— About this exercise —
Set down exactly the lines in the records below that run from the line with "Barrel Hair Curler" to the line with "Eucalyptus Leaf Wedding", inclusive, and nothing more.

------ Records to use

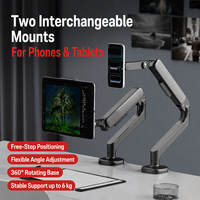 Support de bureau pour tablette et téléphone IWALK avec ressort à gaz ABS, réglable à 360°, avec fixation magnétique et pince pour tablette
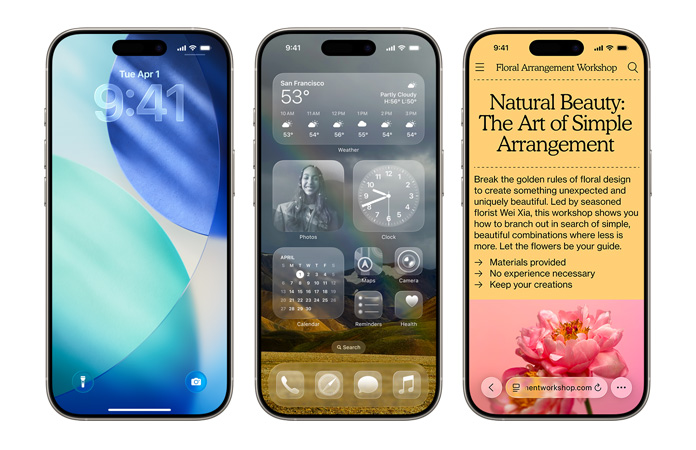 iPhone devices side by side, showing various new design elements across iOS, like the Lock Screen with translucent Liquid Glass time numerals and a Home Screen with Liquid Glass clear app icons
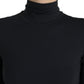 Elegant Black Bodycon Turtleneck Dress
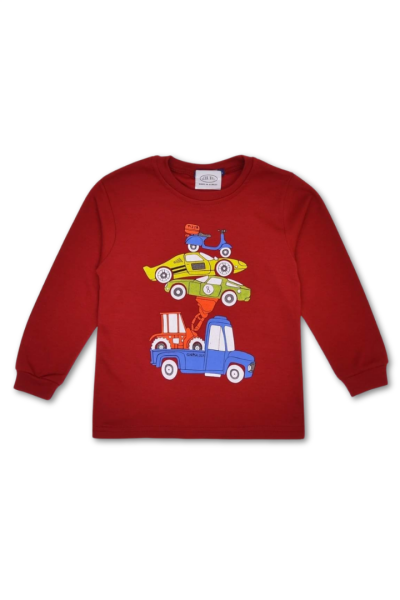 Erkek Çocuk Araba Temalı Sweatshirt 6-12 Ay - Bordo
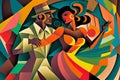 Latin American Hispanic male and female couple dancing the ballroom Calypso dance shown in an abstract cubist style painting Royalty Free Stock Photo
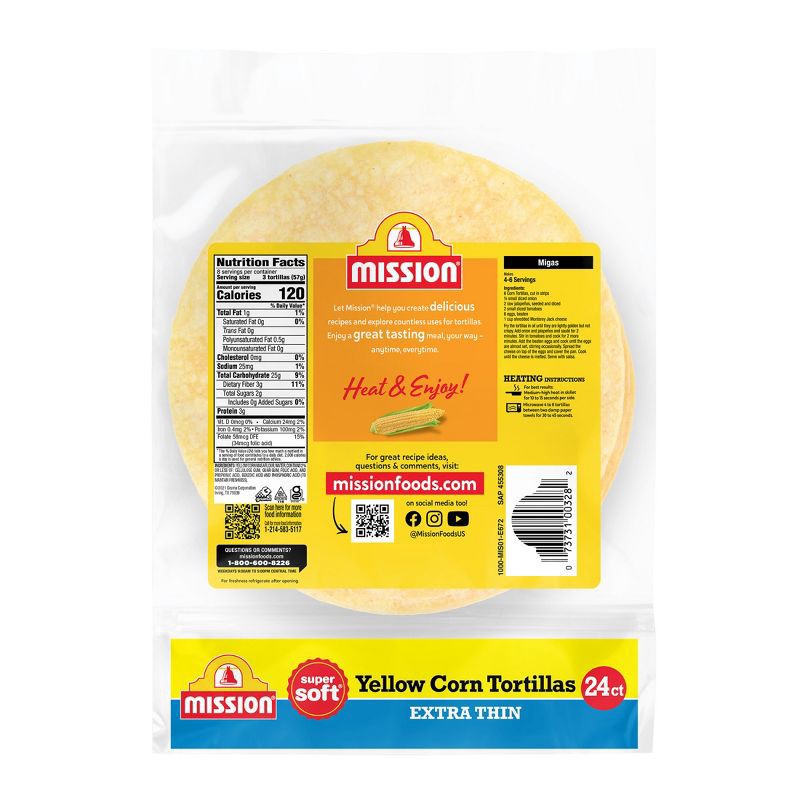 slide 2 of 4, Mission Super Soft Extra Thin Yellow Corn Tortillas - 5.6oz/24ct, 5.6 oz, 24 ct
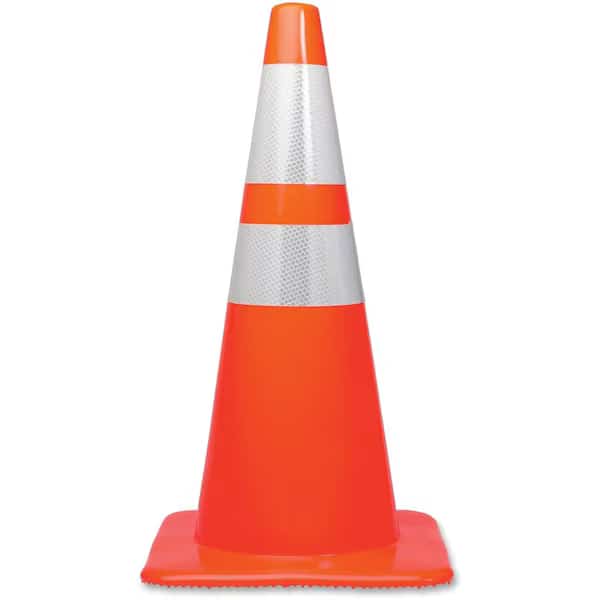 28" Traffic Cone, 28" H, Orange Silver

------------
------ Records to use

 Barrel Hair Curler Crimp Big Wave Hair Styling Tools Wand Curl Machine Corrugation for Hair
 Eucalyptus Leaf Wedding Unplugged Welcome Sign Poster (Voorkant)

------------
------ Records to use

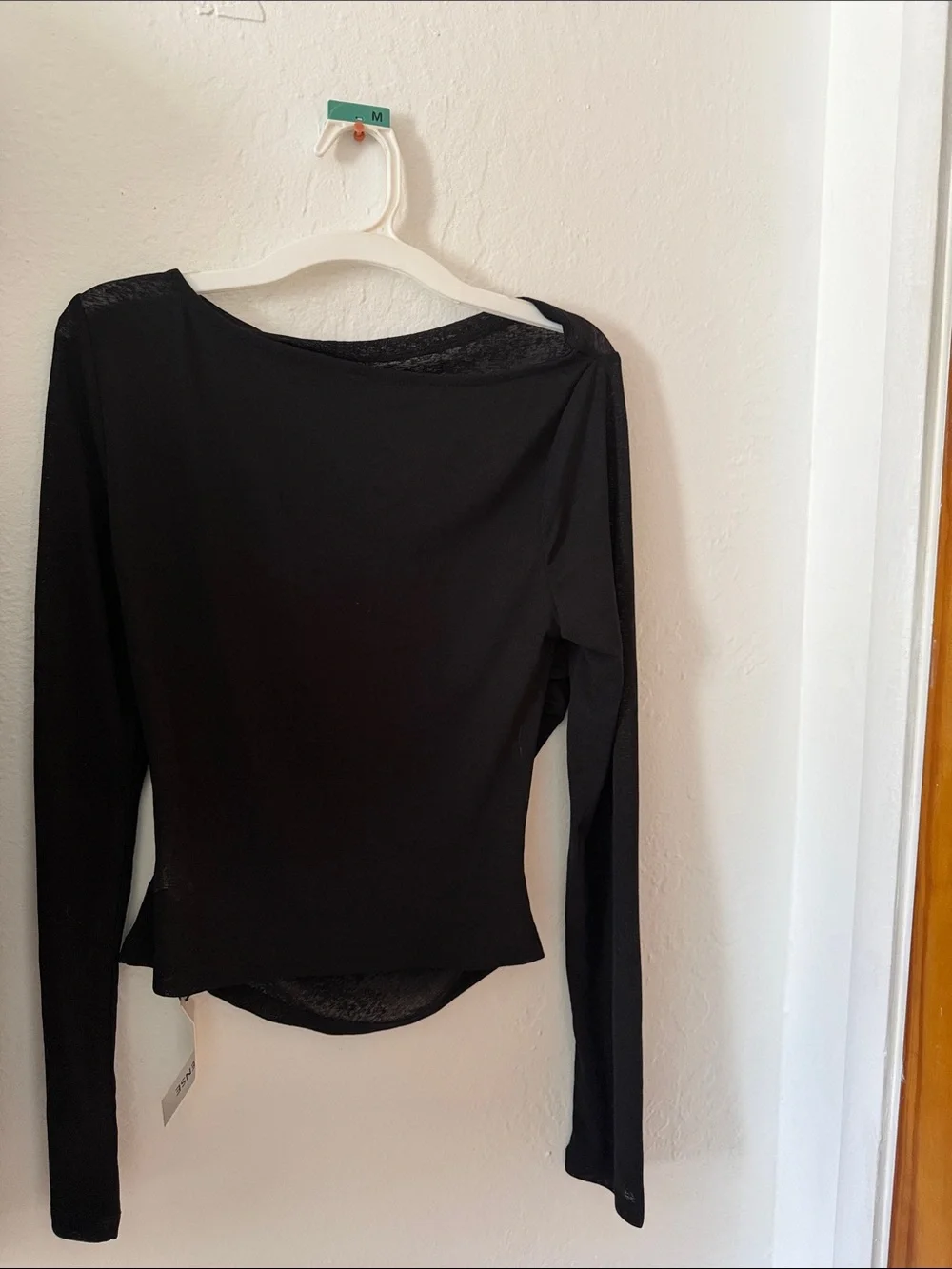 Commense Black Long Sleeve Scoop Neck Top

------------

— Your response —
 Barrel Hair Curler Crimp Big Wave Hair Styling Tools Wand Curl Machine Corrugation for Hair
 Eucalyptus Leaf Wedding Unplugged Welcome Sign Poster (Voorkant)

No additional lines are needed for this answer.